ミル Mi−24”ハインド”

Mi-24 "HIND" ,Mil

Mi-24
旧東ドイツ軍所属のMi−24D”ハインドD”

 旧ソ連で最も多く生産されたヘリコプター Mi−8をベースに開発 された攻撃型ヘリ。ローターはMi−8の物を発展させた5枚ブレードで、銃撃被弾や低空飛行時の 接触に備えてチタニウムやグラスファイバーを使用して強度が高められている。また輸送ヘリである Mi−8がベースのため攻撃ヘリとしては珍しく後部キャビンに兵員を搭載することも可能となって おり、対地攻撃だけでなく歩兵部隊を伴った強襲や侵入任務にも使用できる。
 C型までは通常のヘリと同様の並列複座コクピットだったが、D型からはタンデム複座(前席が銃 手、後席が操縦士)に変更されている。またエンジンもMi−8と同じ物から強力なTV3−117 へ変更された。
 E型以降は火器管制システムが更新され、AT−6対戦車ミサイルやAA−8空対空ミサイルの搭 載も可能となっている。
 アフガニスタンでの対ゲリラ戦に活躍し(勇猛なアフガンゲリラに『ソビエト兵は恐れるに足りな いが、彼らのヘリコプターはとても恐ろしい』と言わしめた)、2,000機以上が生産されソビエ ト以外にも旧共産圏各国へ配備された。
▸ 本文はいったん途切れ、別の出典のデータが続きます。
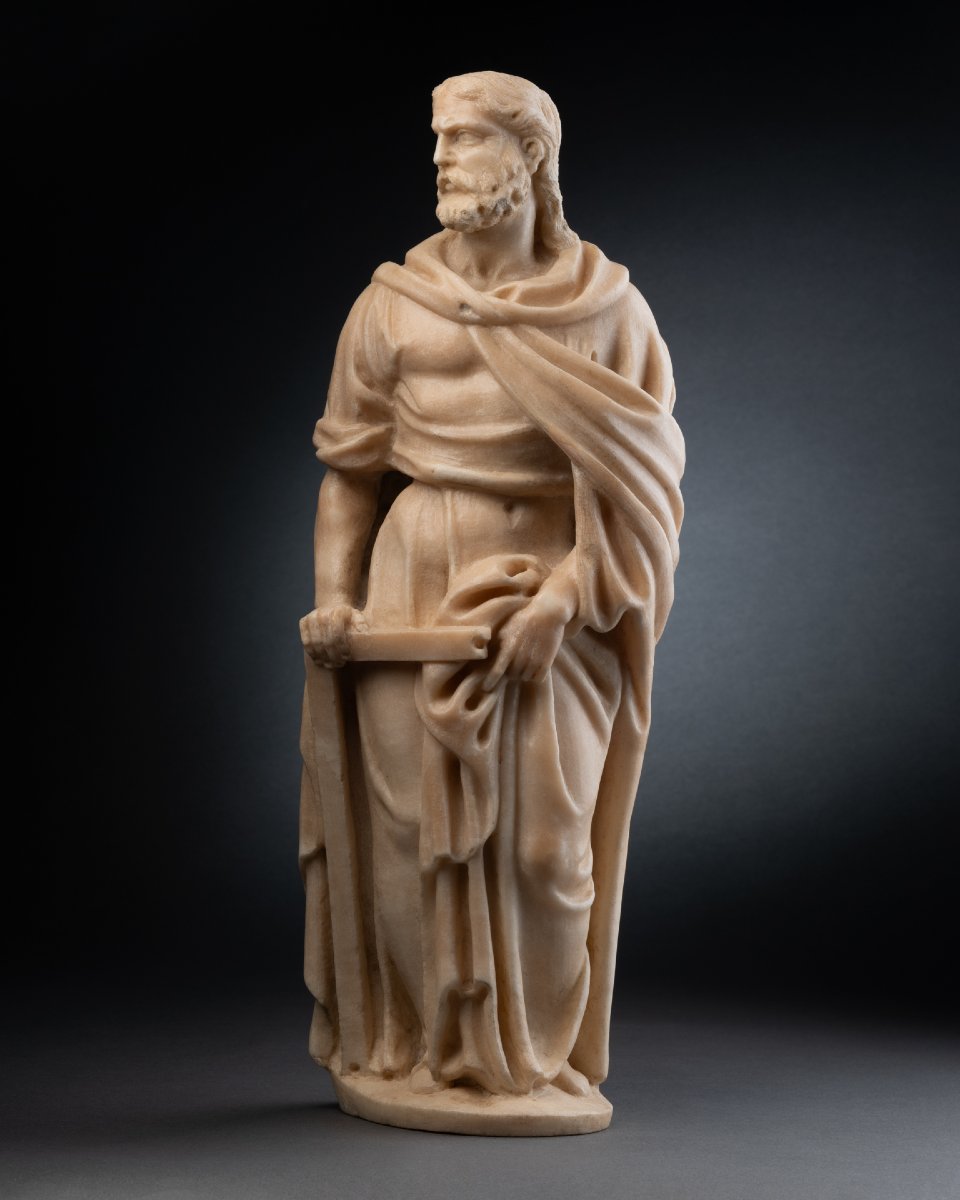 Saint Thomas et Saint Jean, Marbre blanc, Italie du Nord, Veneto ? - 1520-1530-photo-2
現在もロシア陸軍や旧共産圏諸国などで使用中である。

機体詳細データ(Mi−24D)
寸法(L×W×H/ロータ径)17.51×2.04×6.5m / 17.3m
(全長、全幅は胴体の寸法)
機体重量(自重/全備)8,200kg / 12,000kg
飛行速度(最大/巡航)333km/h / 268km/h
上昇率(海面上)750m/min
上昇限度(実用/限界)4,500m / ホバリング限界1,500m
離着陸距離(離陸/着陸)−−−−−−−
航続距離1,000km(増槽使用)
エンジンイソトフ設計局製 TV3−117ターボシャフト×2基
出力1,640kw(約2,200hp)×2
武装12.7mmガトリング砲×1、UV−32ロケットポッド・爆弾等×4、AT−2対戦車ミサイル×4など最大外部搭載量1,500kg
乗員数/機体初飛行2名 / 1972年?
備考(各タイプ詳細) 【下記の"HIND〜"はNATOによる分類です】
Mi-24 "HIND A":並列配置操縦席と機首前席に銃手席を配置した3座強襲型
Mi-24 "HIND B":最初の生産型。尾部ローターが機体右側にあるのが特徴
Mi-24 "HIND C":"HIND A"と同じ型だが機首の機銃と翼端ミサイルレールが無い
Mi-24D "HIND D":操縦席が直列配置2座に変更された型。機首に4銃身ガトリングタレットを装備
Mi-24V "HIND E":"HIND D"改良型。AT−6対戦車ミサイルを12発搭載可能
Mi-24P "HIND F":"HIND E"改良型。機首タレットを外し2門の30mm機関砲を胴体右側面に装備
Mi-24R "HIND G":NBC(核・生物・化学)下での偵察用。チェルノブイリ原発事故でも使用された
Mi-24K "HIND G":写真偵察用。後部兵員室に超望遠カメラを装備
Mi-25:"HIND D"の輸出型名称
Mi-35:"HIND E"の輸出型名称
A-10:"HIND A"の機体に"HIND D"のエンジンを搭載した記録設定用変形機。国際公認速度記録達成(15/25km周回コースで368.4km/h)
LAST UPDATE 2000,11,22(FirstUp 2000,02,11)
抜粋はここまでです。